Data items
* * * * * * *

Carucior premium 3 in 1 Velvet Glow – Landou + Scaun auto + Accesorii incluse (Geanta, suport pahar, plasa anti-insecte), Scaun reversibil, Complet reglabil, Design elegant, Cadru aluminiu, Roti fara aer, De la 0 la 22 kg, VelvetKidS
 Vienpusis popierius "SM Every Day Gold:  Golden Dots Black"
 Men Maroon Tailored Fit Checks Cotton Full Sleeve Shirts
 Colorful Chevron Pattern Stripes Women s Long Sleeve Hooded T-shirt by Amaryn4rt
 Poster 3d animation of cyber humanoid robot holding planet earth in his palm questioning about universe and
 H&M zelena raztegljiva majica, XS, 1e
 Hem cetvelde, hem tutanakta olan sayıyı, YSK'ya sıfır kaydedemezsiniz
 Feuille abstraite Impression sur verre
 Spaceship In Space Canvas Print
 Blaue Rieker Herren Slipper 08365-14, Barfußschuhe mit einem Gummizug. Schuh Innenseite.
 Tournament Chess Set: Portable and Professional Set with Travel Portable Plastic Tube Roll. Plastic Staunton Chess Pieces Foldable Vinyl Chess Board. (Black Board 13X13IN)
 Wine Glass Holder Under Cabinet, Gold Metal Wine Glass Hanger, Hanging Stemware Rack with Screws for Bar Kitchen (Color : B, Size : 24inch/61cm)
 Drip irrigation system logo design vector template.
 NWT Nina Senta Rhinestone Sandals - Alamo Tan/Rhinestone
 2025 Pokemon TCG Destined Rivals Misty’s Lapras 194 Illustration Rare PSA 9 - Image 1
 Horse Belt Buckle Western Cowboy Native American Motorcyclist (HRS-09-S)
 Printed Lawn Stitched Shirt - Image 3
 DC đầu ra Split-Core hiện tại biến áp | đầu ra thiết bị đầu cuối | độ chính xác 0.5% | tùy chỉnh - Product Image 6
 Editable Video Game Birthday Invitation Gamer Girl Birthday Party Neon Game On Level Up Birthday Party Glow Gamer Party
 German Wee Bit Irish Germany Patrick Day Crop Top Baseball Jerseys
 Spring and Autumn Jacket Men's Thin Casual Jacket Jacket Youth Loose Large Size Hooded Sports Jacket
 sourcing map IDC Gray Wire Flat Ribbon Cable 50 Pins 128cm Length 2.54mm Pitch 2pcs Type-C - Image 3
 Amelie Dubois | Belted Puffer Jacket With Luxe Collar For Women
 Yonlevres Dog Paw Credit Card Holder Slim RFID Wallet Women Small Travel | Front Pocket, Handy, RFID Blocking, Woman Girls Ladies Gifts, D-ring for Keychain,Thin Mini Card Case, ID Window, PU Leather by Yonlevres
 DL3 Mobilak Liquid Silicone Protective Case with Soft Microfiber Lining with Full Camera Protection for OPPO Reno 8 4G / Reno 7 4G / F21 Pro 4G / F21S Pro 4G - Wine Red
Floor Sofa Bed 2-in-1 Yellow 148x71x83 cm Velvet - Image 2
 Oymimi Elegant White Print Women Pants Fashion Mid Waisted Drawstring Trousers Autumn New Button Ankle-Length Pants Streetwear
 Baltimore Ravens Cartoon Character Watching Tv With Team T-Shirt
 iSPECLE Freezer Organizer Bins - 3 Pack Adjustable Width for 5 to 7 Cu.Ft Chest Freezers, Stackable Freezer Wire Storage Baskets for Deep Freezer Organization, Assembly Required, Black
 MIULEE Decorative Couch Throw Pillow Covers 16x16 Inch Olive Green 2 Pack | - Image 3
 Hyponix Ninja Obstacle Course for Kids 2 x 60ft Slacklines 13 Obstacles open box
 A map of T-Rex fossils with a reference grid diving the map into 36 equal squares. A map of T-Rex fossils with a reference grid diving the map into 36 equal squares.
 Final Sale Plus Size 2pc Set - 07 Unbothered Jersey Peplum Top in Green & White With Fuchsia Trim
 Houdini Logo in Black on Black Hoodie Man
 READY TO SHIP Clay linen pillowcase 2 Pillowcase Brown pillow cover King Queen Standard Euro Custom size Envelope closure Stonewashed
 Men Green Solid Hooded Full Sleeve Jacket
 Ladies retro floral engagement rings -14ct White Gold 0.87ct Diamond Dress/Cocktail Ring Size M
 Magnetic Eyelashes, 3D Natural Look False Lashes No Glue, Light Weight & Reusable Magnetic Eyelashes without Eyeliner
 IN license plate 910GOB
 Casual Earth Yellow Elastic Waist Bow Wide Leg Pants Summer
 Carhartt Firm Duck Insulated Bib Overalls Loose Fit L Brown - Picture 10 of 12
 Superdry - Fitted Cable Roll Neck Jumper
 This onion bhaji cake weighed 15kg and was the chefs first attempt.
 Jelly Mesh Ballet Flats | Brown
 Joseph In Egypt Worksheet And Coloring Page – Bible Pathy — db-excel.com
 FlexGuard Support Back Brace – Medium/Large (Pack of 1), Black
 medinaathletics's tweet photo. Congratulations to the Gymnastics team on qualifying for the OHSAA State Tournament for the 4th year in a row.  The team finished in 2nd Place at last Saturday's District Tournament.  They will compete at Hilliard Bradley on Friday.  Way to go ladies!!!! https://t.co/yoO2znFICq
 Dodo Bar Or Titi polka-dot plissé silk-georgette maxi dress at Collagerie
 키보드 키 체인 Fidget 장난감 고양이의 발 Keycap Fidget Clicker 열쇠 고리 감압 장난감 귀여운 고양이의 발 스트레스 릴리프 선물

* * * * * * *

**Exercise prompt:** Only lines with the word "Length" are wanted, so copy each one from the records.

**Finished task:**
 sourcing map IDC Gray Wire Flat Ribbon Cable 50 Pins 128cm Length 2.54mm Pitch 2pcs Type-C - Image 3
 Oymimi Elegant White Print Women Pants Fashion Mid Waisted Drawstring Trousers Autumn New Button Ankle-Length Pants Streetwear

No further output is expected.